#### [Material provided]

★ ★ ★ ★

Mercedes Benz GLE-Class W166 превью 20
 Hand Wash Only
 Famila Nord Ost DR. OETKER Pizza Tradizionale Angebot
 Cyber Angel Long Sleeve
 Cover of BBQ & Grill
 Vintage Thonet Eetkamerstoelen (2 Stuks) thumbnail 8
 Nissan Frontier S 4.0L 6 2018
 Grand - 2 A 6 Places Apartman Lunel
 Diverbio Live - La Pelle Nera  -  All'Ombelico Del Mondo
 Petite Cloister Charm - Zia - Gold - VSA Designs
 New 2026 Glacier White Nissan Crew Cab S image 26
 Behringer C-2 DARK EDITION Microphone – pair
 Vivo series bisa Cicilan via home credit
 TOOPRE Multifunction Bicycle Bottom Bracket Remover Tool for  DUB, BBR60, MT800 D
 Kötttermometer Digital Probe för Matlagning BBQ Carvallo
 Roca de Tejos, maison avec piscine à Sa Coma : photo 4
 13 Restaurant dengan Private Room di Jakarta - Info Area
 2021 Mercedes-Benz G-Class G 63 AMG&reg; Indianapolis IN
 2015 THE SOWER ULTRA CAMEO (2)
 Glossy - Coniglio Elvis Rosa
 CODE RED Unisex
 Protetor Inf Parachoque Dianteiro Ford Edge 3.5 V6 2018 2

★ ★ ★ ★

Out of the listing above, reproduce exactly the lines from the one with "Famila Nord Ost" up to and including the one with "Vivo series bisa Cicilan via home credit".

 Famila Nord Ost DR. OETKER Pizza Tradizionale Angebot
 Cyber Angel Long Sleeve
 Cover of BBQ & Grill
 Vintage Thonet Eetkamerstoelen (2 Stuks) thumbnail 8
 Nissan Frontier S 4.0L 6 2018
 Grand - 2 A 6 Places Apartman Lunel
 Diverbio Live - La Pelle Nera  -  All'Ombelico Del Mondo
 Petite Cloister Charm - Zia - Gold - VSA Designs
 New 2026 Glacier White Nissan Crew Cab S image 26
 Behringer C-2 DARK EDITION Microphone – pair
 Vivo series bisa Cicilan via home credit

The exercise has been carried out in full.